28. In this case the Labour Officer was seized with the matter and it was consequently out of the employer`s hands. The disciplinary authority no longer had power to make a determination on the matter. It lost jurisdiction the moment there was notification and referral of the matter to the Labour Officer after the expiration of 30 days from the commencement of disciplinary proceedings with no determination. The referral effectively ousted the jurisdiction of the disciplinary authority thereby rendering the belated determination a nullity because the Labour Officer was already seized with the matter. By allowing referral in terms of s 101(6) the legislature’s intention to protect parties from unwarranted delays in the determination of disciplinary hearings is clearly spelt out. To then seek to get in the way of a Labour Officer seized with a matter by purportedly determining a matter in which the disciplinary authority had lost its jurisdiction was a futile exercise on the part of the disciplinary tribunal. It could not adjudicate anything as the determination was a nullity for want of jurisdiction.
29. Having made a finding that the disciplinary authority had no jurisdiction, it is not necessary to determine the other issue earlier identified which relates to whether or not the conviction of the appellant was proper since lack of jurisdiction renders the findings of the Disciplinary Authority a nullity.
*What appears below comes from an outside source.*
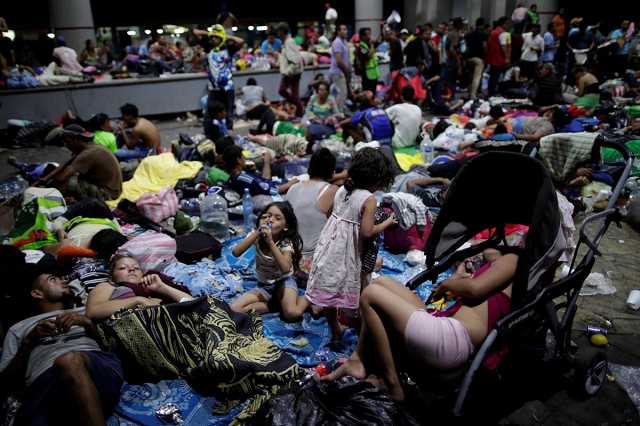migrants part of a caravan of thousands of migrants from central america en route to the united states rest along the sidewalks of tapachula city center mexico october 21 2018 photo reuters migrants part of a caravan of thousands of migrants from central america en route to the united states rest along the sidewalks of tapachula city center mexico october 21 2018 photo reuters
30. This Court is satisfied that the disciplinary authority`s jurisdiction was ousted by the referral and set down of the case before a Labour Officer. The purported determination of the dispute between the parties was therefore a nullity. The court a quo therefore erred in upholding the decision of the disciplinary authority which was a nullity. The appeal has merit and must succeed.
31. Regarding costs, they follow the result and this Court finds no reason to depart from the general rule.
32. It is for the above reasons that we allowed the appeal with costs and issued an order as reflected in para 1 of this judgment.
UCHENA JA : I agree
KUDYA JA : I agree
Maphosa Mahlangu Attorneys, appellant’s legal practitioners.
Nyakudanga Law Chambers, respondent’s legal practitioners.